Farmers must prepare adequately for new cropping season
Chronicle 4 September 2017
Zimbabwe is expected to receive normal rains during the 2017/2018 cropping season and the country is therefore likely to record another bumper harvest. Farmers should start to prepare for planting so that they plant with the early rains.
The Meteorological Services Department (MSD) said if the rainy season pans out as envisaged, it will be a boon for local farmers, particularly if they get the necessary support. The new report has allayed fears generated by the Sadc Climate Services Committee report which stated that Zimbabwe could be blighted by a two-pronged season characterised by drought and floods which is expected to affect the region.
Presenting the 2017/2018 forecast recently, MSD senior forecaster, Mrs Lucy Mots, said the region is expected to receive normal rains with a bias towards above normal rains during the first half of the rainy season (October to December).
She said the southern part of the country which is region two and three, will receive normal rains with a bias towards below normal rainfall. The whole country will however receive normal to above normal rains between December and March.
Farmers should be ready to start planting mid-November when reliable rains are expected. Government’s inputs support scheme through both the Command Agriculture and the Presidential Inputs Support Scheme contributed immensely to last season’s bumper harvest of about 4 million tonnes of food crops.
Government has already announced that it is again assisting farmers through the two schemes this coming cropping season and has already mobilised $600 million. A total of $154 million will fund the Presidential Inputs Support Scheme while $487 million will be spent on Command Agriculture so that more families benefit from the two programmes.
The challenge to farmers is to adequately prepare so that the country can record another bumper harvest.

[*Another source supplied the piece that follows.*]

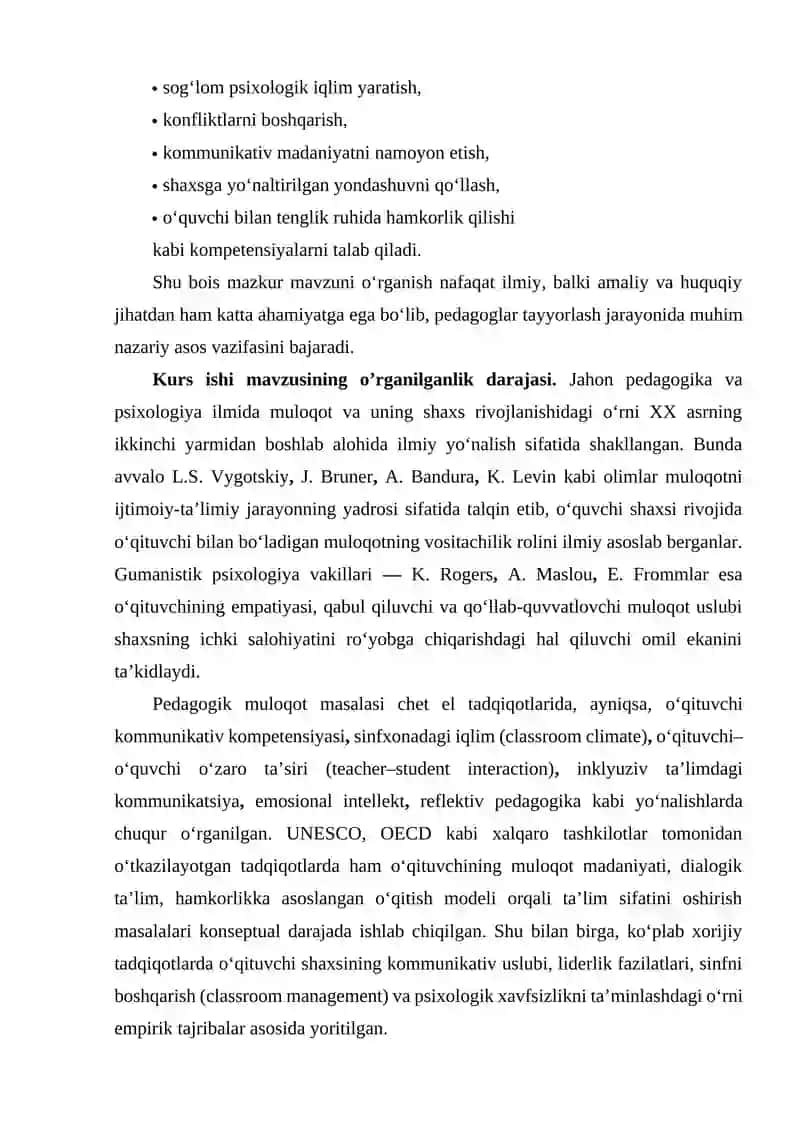 PEDAGOGIK MULOQOT PSIXOLOGIYASI VA UNING O‘QITUVCHI SHAXSIDA NAMOYON BO‘LISHI 3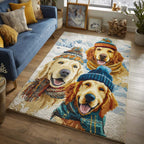Winter Golden area rug in a living room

We have said in the past that inputs should be delivered early so that farmers can plant with the early rains. What is encouraging is that Government has been able to moblise the required funding on time and work to source the required inputs should have started long back.
The inputs should be delivered to farmers before November as most of them should start planting mid- November. This year we should avoid running out of inputs like what happened last season when farmers ran out of Ammonium Nitrate at a time it was needed most and this obviously reduced yields. In the event of another bumper harvest, the country will be able to export some of the produce to neighbouring countries.